WHAT YOU ARE ASKED TO DO
The following entries are to be repeated exactly, and the pictures are to be left behind.

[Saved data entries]
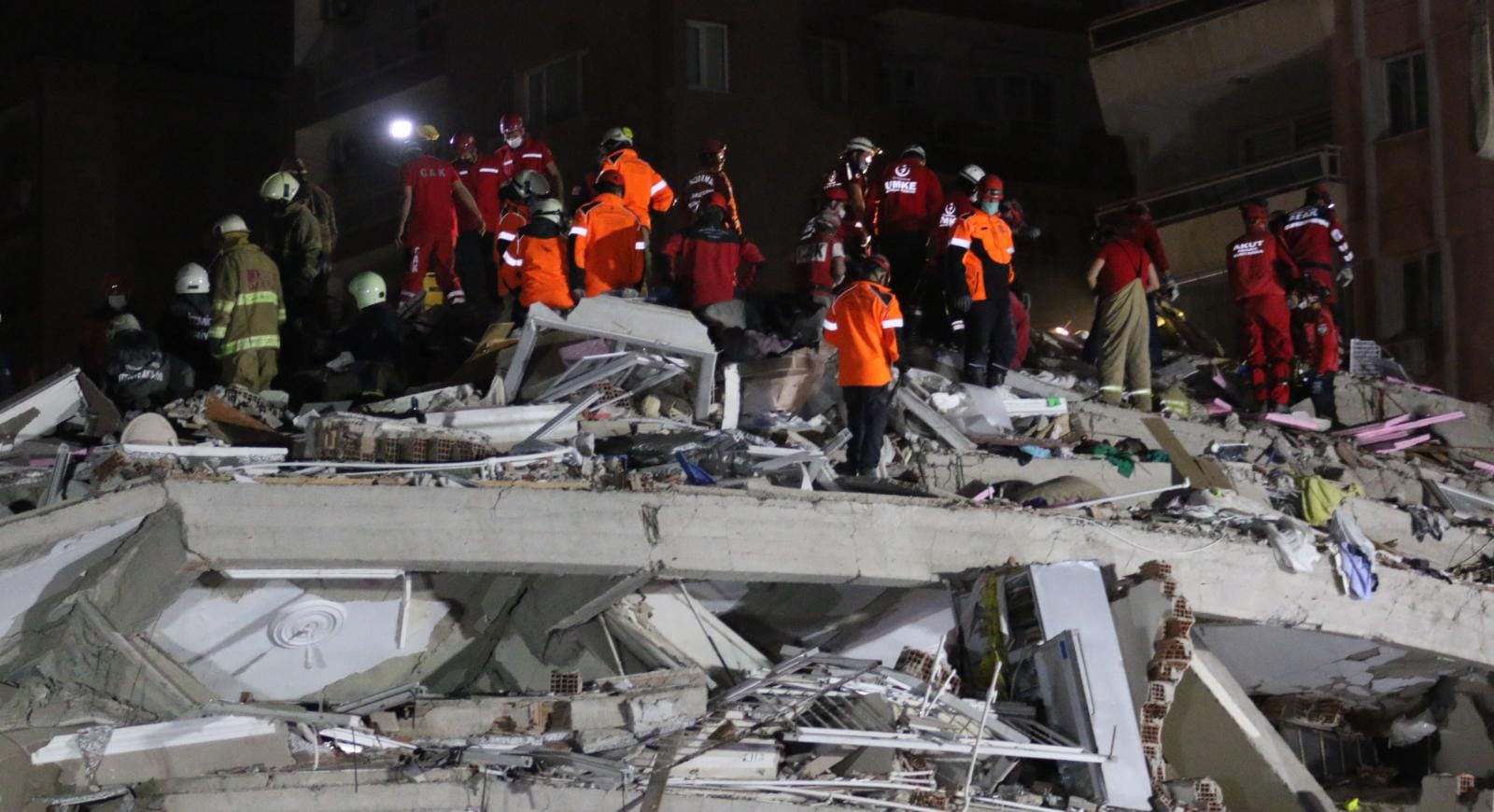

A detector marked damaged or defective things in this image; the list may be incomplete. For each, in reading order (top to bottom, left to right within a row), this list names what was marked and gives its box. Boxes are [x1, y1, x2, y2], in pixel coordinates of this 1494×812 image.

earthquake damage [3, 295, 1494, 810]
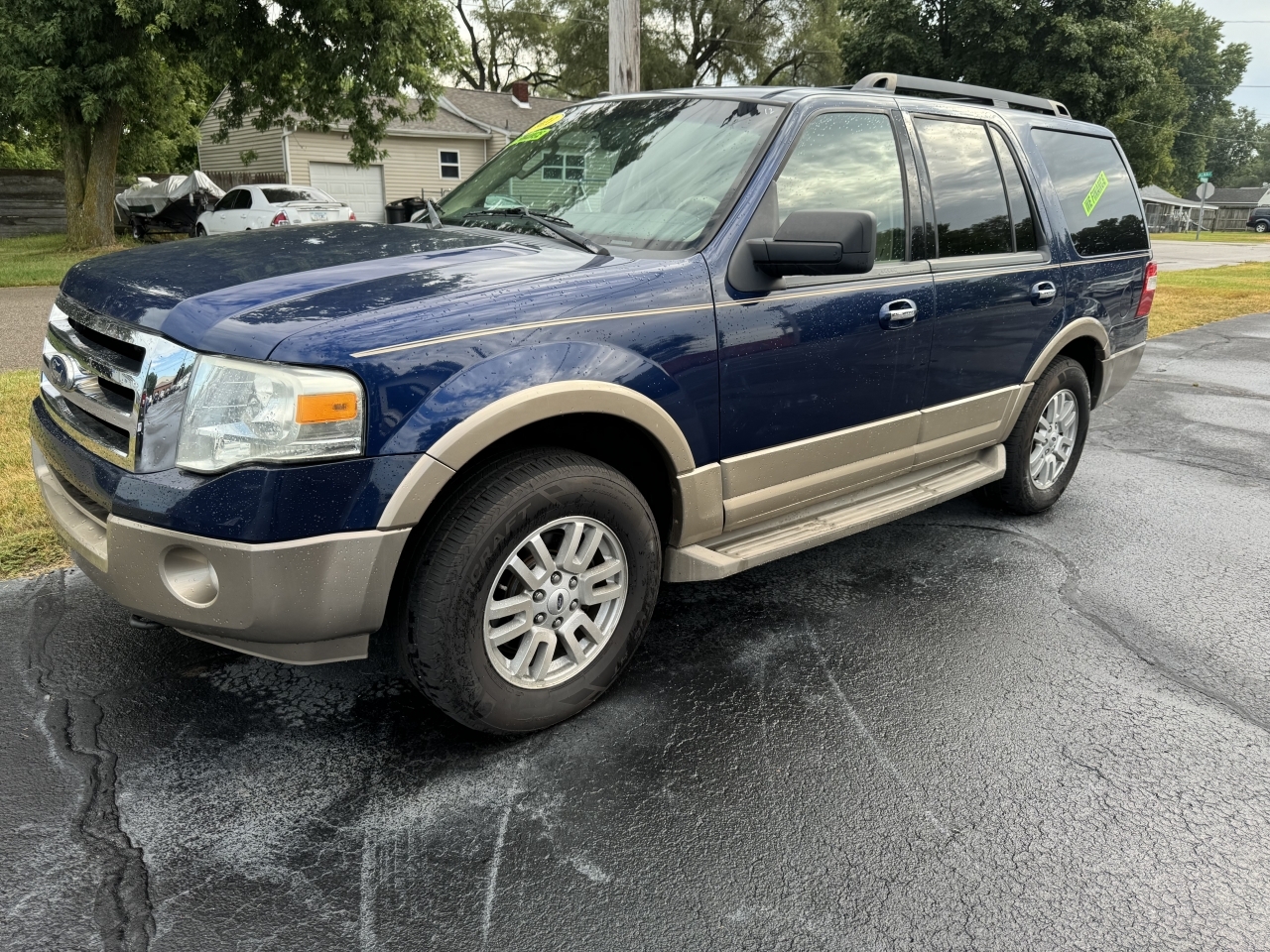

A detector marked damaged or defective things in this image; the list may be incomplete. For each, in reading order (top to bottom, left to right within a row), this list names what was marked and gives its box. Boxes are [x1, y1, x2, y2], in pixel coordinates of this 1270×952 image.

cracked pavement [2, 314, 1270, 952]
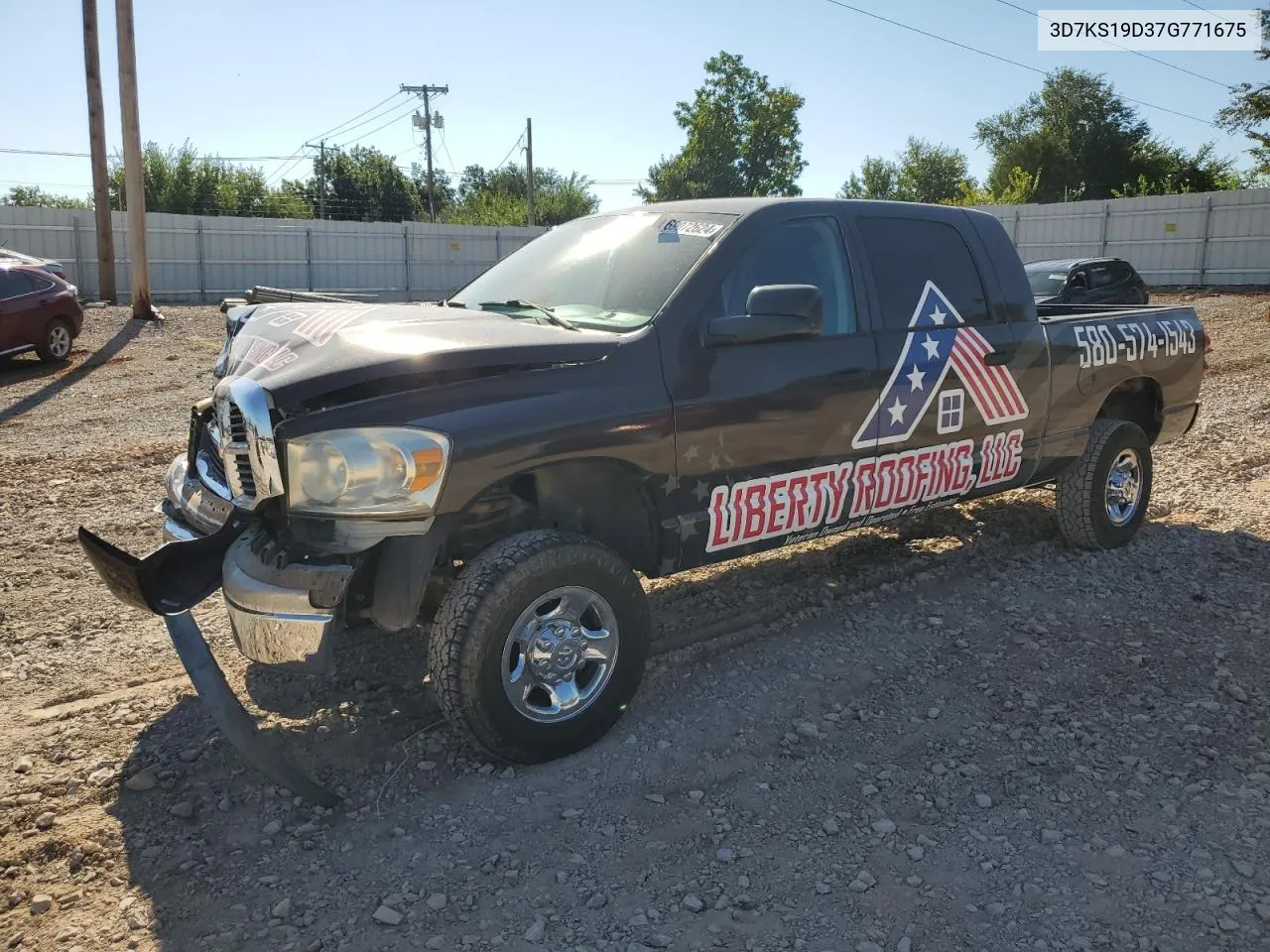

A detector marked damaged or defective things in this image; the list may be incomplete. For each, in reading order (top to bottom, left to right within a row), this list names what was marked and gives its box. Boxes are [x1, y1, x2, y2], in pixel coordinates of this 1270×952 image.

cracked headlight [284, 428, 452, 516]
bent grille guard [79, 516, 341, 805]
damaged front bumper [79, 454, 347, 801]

YOUR RESPONSE
A detector marked damaged or defective things in this image; the list may be incomplete. For each, in reading order (top to bottom, left to right within a row), this list names what was marked and gives its box. Boxes are [x1, y1, x2, y2], in pixel coordinates of this 1494×812 image.

earthquake damage [3, 295, 1494, 810]

A detector marked damaged or defective things in this image; the list may be incomplete. For each, in reading order (top to bottom, left to right within a row), this list names what was marked and gives its box. Boxes are [x1, y1, x2, y2], in pixel coordinates of this 1270×952 image.

cracked pavement [2, 314, 1270, 952]

A detector marked damaged or defective things in this image; the list may be incomplete. For each, in reading order (top to bottom, left to right within a row), this list names what was marked and gives its box. Boxes are [x1, y1, x2, y2], in pixel coordinates of this 1270×952 image.

cracked headlight [284, 428, 452, 516]
bent grille guard [79, 516, 341, 805]
damaged front bumper [79, 454, 347, 801]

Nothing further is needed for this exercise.